▸ **Task requirements**: Working from the top of the records below, reproduce each line exactly, ending once you have written the line containing "How To Aquascape".

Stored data

┄┄┄┄┄┄

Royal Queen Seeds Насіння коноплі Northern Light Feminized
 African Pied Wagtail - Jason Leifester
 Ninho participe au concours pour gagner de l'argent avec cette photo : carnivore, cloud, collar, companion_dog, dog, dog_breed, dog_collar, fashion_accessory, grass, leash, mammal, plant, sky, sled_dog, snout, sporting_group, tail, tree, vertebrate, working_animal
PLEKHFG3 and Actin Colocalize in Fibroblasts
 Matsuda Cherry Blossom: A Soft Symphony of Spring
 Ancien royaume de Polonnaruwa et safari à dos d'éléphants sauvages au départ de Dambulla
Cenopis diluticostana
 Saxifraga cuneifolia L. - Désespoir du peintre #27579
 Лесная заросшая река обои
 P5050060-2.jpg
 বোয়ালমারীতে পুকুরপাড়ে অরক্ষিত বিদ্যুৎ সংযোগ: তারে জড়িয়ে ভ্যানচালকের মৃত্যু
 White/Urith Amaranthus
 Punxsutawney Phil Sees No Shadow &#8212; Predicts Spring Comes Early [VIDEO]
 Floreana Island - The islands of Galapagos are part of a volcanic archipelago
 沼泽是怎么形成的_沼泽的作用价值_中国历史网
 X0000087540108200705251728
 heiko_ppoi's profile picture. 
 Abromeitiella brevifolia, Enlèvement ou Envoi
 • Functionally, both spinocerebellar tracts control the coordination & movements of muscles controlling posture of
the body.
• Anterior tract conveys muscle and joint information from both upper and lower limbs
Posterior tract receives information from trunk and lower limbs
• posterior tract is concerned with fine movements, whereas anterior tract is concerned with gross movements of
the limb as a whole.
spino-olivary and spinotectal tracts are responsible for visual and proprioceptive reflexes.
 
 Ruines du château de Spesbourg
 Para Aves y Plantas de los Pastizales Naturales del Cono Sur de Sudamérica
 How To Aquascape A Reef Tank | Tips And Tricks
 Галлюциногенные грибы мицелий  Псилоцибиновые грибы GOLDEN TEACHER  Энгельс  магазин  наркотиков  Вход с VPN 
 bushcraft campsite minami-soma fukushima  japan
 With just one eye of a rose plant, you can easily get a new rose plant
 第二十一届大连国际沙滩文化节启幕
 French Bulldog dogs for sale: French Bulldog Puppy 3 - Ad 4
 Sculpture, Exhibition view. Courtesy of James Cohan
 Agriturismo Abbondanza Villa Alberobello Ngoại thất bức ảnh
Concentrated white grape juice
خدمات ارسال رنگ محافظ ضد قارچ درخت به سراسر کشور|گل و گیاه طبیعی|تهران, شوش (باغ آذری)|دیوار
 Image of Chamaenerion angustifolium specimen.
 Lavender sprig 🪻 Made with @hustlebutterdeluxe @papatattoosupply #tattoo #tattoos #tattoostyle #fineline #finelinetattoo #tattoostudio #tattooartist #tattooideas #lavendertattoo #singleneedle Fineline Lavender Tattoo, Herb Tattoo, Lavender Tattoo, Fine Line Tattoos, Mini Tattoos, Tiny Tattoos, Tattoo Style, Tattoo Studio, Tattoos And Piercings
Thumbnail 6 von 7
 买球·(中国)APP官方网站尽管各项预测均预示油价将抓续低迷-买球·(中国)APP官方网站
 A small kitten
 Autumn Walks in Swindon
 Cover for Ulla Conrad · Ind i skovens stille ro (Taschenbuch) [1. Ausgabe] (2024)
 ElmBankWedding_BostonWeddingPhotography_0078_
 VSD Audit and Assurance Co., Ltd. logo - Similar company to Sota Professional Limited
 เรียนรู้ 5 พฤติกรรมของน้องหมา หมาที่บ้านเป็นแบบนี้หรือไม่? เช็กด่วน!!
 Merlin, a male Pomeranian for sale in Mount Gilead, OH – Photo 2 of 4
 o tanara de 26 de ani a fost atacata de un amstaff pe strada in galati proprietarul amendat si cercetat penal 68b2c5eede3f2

┄┄┄┄┄┄

▸ **Written solution**:
Royal Queen Seeds Насіння коноплі Northern Light Feminized
 African Pied Wagtail - Jason Leifester
 Ninho participe au concours pour gagner de l'argent avec cette photo : carnivore, cloud, collar, companion_dog, dog, dog_breed, dog_collar, fashion_accessory, grass, leash, mammal, plant, sky, sled_dog, snout, sporting_group, tail, tree, vertebrate, working_animal
PLEKHFG3 and Actin Colocalize in Fibroblasts
 Matsuda Cherry Blossom: A Soft Symphony of Spring
 Ancien royaume de Polonnaruwa et safari à dos d'éléphants sauvages au départ de Dambulla
Cenopis diluticostana
 Saxifraga cuneifolia L. - Désespoir du peintre #27579
 Лесная заросшая река обои
 P5050060-2.jpg
 বোয়ালমারীতে পুকুরপাড়ে অরক্ষিত বিদ্যুৎ সংযোগ: তারে জড়িয়ে ভ্যানচালকের মৃত্যু
 White/Urith Amaranthus
 Punxsutawney Phil Sees No Shadow &#8212; Predicts Spring Comes Early [VIDEO]
 Floreana Island - The islands of Galapagos are part of a volcanic archipelago
 沼泽是怎么形成的_沼泽的作用价值_中国历史网
 X0000087540108200705251728
 heiko_ppoi's profile picture. 
 Abromeitiella brevifolia, Enlèvement ou Envoi
 • Functionally, both spinocerebellar tracts control the coordination & movements of muscles controlling posture of
the body.
• Anterior tract conveys muscle and joint information from both upper and lower limbs
Posterior tract receives information from trunk and lower limbs
• posterior tract is concerned with fine movements, whereas anterior tract is concerned with gross movements of
the limb as a whole.
spino-olivary and spinotectal tracts are responsible for visual and proprioceptive reflexes.
 
 Ruines du château de Spesbourg
 Para Aves y Plantas de los Pastizales Naturales del Cono Sur de Sudamérica
 How To Aquascape A Reef Tank | Tips And Tricks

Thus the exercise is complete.